U.S. energy company Southern Co (SO.N) said Thursday it was targeting a December in service date for the third reactor at its Vogtle nuclear power plant in Georgia.
That is about a month behind the unit's regulatory-approved November in-service date but is in line with the possible delay Southern announced last month. read more
Southern, which released the Vogtle update as part of its quarterly earnings report, said the unit started "hot functional testing" on April 25. That is one of the last major tests prior to loading fuel into the plant, which Southern expects to occur in the third quarter.
Southern also said it remains on track to put the fourth reactor at Vogtle into service between August-November 2022, which is prior to/in line with that unit's regulatory-approved November 2022 in-service date.
The two units at Vogtle are the only big nuclear reactors under construction in the United States.

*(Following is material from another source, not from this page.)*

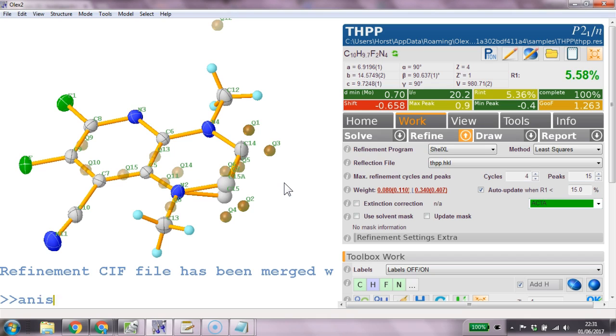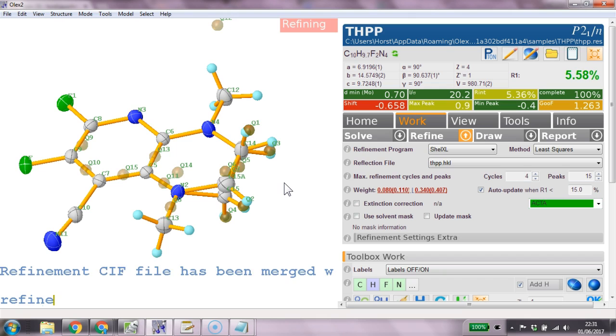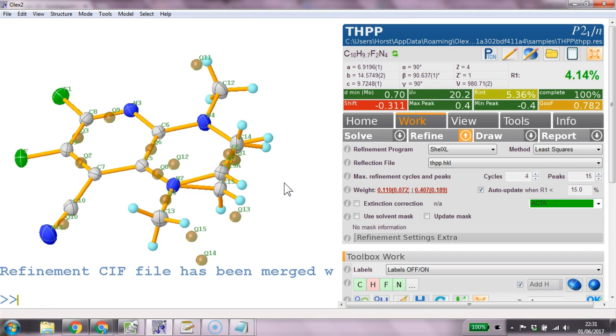We go anisotropic on this and age add and refine. And that should refine the whole thing and it does.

When Georgia utility regulators approved the Vogtle expansion in 2009, the two 1,117-megawatt Westinghouse AP1000 reactors were expected to cost about $14 billion and enter service in 2016 and 2017.
But some analysts estimate costs have ballooned to more than $25 billion due to delays related to the nuclear accident at Japan's Fukushima plant in 2011 and the 2017 bankruptcy of Westinghouse, the project's former lead contractor.

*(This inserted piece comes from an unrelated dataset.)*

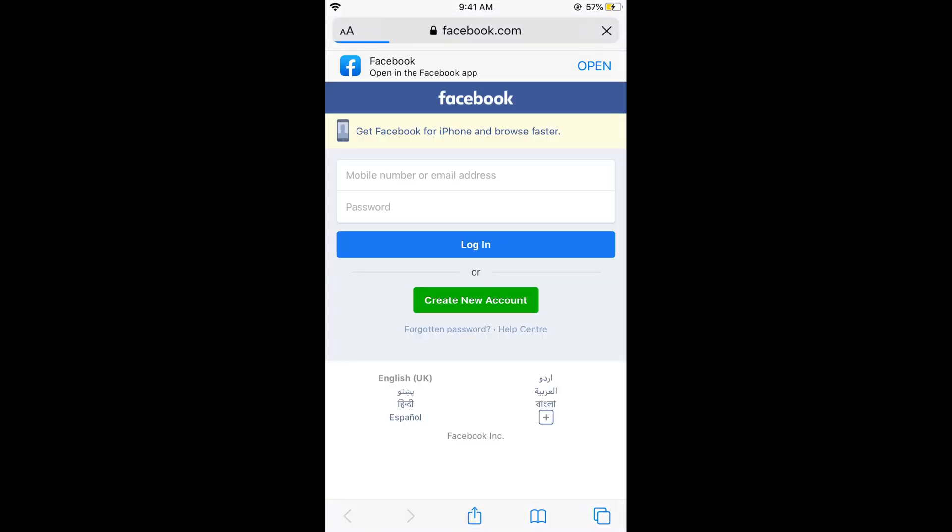You can see I can access it. Hope this has helped you in blocking a specific site on iPhone.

Delays and cost overruns in building reactors could make it difficult for new nuclear facilities to play much of a role in the Biden administration's plan to get all of the nation's power from non-carbon-emitting sources like nuclear and renewables by 2035.
Southern estimated the capital cost for its 47.5% share of the new Vogtle reactors would be about $8.8 billion. Southern has already spent about $7.6 billion as of March 31.
In addition, the company has estimated its construction financing costs at around $3.0 billion.